Das 67 obras expostas da mostra, 14 eram da coleção pessoal de Arnaud e nove pertenciam ao Gabinete de Arte Raquel Arnaud, galeria onde estariam à venda.
Desde 2007, quando abriu sua sede na rua Maria Antonia, em prédio cedido pela USP, o IAC captou R$ 2,738 milhões pela Lei Rouanet (de incentivo à cultura por meio de renúncia fiscal).
Procurada pela Folha, Arnaud disse que o inquérito é uma "maledicência que não tem fundamento nem provas" e afirmou que não vendeu nenhuma obra de sua coleção pessoal ou de sua galeria que foi exposta no IAC.
"O curador escolheu obras que, por acaso, eram minhas", justificou Arnaud.
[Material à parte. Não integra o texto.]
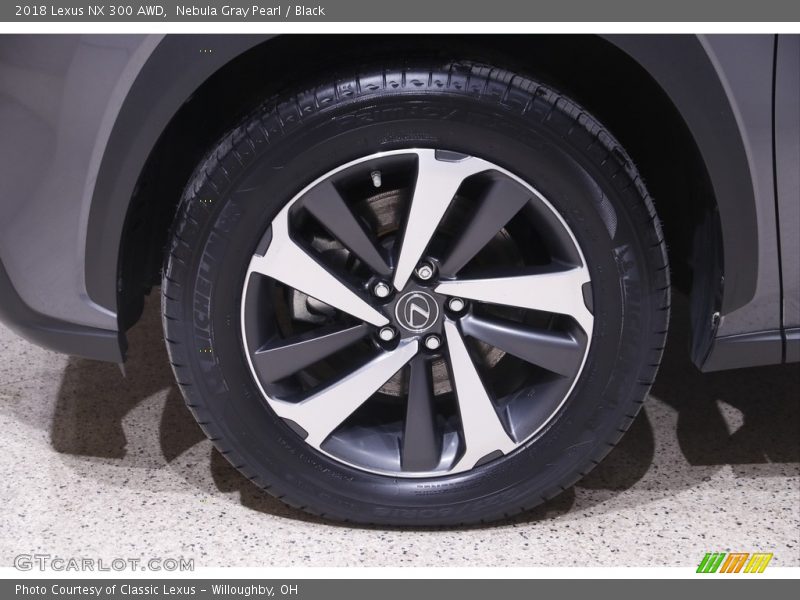 Nebula Gray Pearl / Black 2018 Lexus NX 300 AWD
Criado há 13 anos, o IAC tinha como objetivo difundir o legado de Sérgio Camargo, Willys de Castro, Amilcar de Castro e Mira Schendel.
Arnaud representa o espólio de Camargo (tema de mostra que será aberta hoje no IAC) e tem obras dos demais no acervo de sua galeria.
Amílcar de Castro e Mira Schendel são representados pelo galerista André Millan, que chegou a integrar a direção do IAC. "Resolvi me desligar do cargo, porque trabalho com mercado", disse ele.
A abertura do inquérito coincide com mudança de paradigma na instituição. Pedro Mastrobuono, empossado ontem como presidente, disse que foi convidado para mudar o perfil do IAC, que deve se tornar um laboratório para exame e perícia de obras de arte em parceria com o Museu Van Gogh.